Het “subsistit in” heeft tot vandaag een massa publicaties veroorzaakt, door hen die het uitleggen in een uiterst modernistische betekenis, alsof de katholieke Kerk alleen maar een verwerkelijkte vorm van de Kerk van Christus is, anderen daarentegen beweren, dat het nog strenger zou zijn als het oorspronkelijke “est = is”. Ondanks verschillende verklaringen van de  Congregatie voor de Geloofsleer is het nog steeds niet duidelijk wat het precies moet betekenen. In alle verklaringen kwam echter duidelijk tot uitdrukking, dat daarmee de christelijke belijdenissen buiten de Kerk een positieve waarde moet worden toegekend. Daarmee wordt niet alleen beweerd, dat afzonderlijke gelovigen van de niet-katholieke belijdenissen in de genade kunnen zijn – wat de Kerk altijd heeft geleerd –, maar aan de belijdenissen wordt ook als zodanig een positieve waarde toegekend.[19]

 

[1] Brief van Mgr. Roche aan Jean Madiran van 14 mei 1984. Geciteerd in: Bernard Tissier de Mallerais: Marcel Lefebvre – Een biografie, Stuttgart 2008, blz. 324.

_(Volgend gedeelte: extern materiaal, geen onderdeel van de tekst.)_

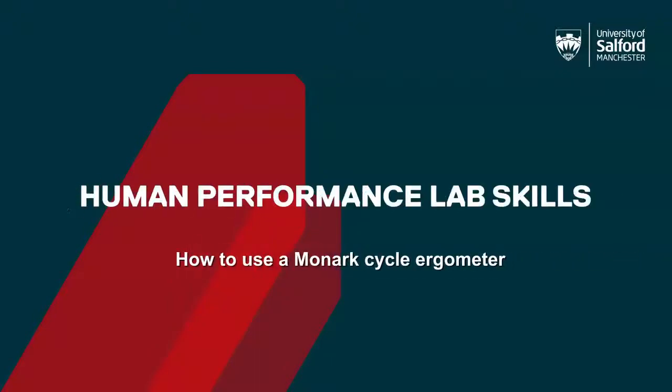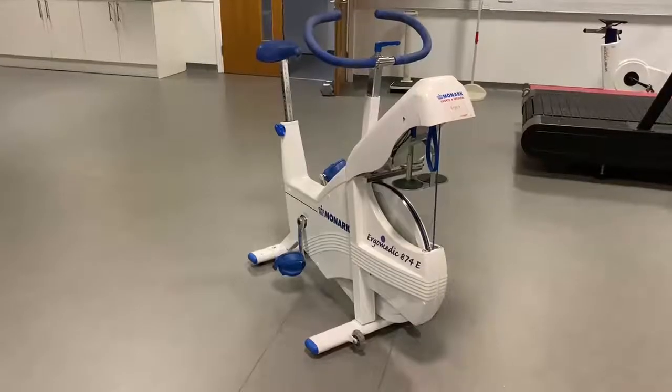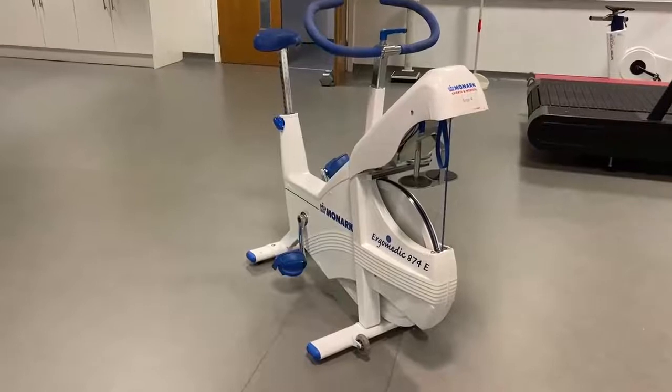In this video we'll look at how to use a Monarch cycle ergometer. In the exercise physiology lab we have a selection of Monarch cycle ergometers, including one which can perform a Wingate anaerobic test on.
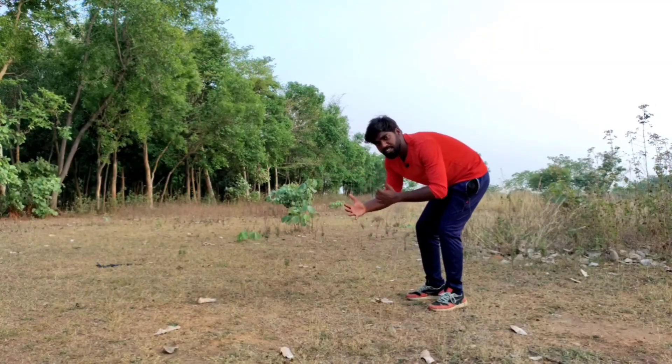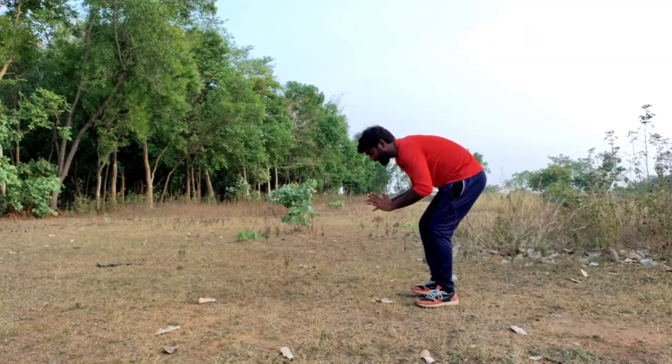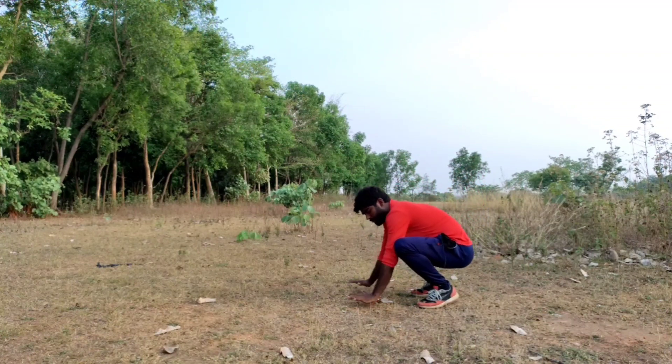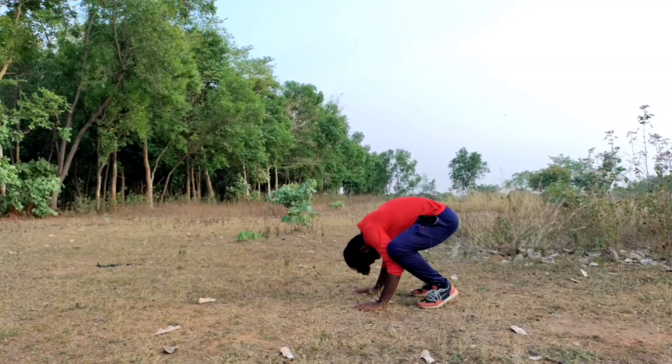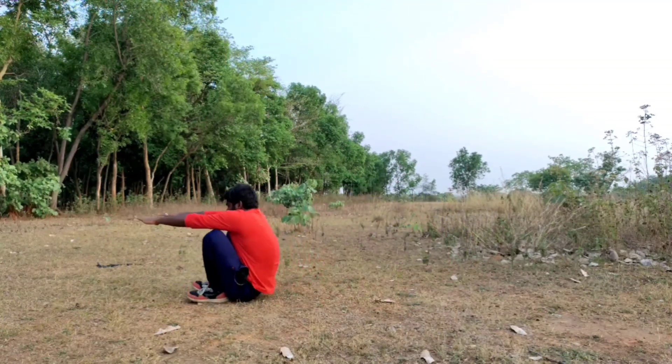Hi guys, welcome back to my YouTube channel. Subscribe to my channel. Look at the hands and body and head — this is the front roll.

[2] Marcel Lefebvre: Sie haben ihn entthront, Stuttgart 1988, blz. 215.

[3] DH 4351

[4] DS 1326

[5] Apostolische Constitutie Sacramentum Ordinis van 30 november 1947; DH 3857 e.v.

[6] Le Concile au jour le jour. Deuxiême session. Paris 1964. blz. 215

[7] Wiltgen, Ralph M.: Der Rhein flieβt in den Tiber. Feldkirch 1988. blz. 61.

[8] Ibd. blz. 82.

[9] 30 Tage in Kirche und Welt, Nr. 3/1993, blz. 22

[10] Vorgrimler, Herbert: Karl Rahner verstehen. Freiburg 1985, blz. 175.

[11] Deutsche Tagespost van 10 okt. 1992. pag. 2.

[12] Bernard Tissier de Mallerais: Marcel Lefebvre – Eine Biographie, Stuttgart 2008, blz. 315

[13] Malinski, M: Mon ami Karl Wojtyla, Le Centurion 1980, blz. 189.

[14] Kleines Konzilskompendium (= KK) 21.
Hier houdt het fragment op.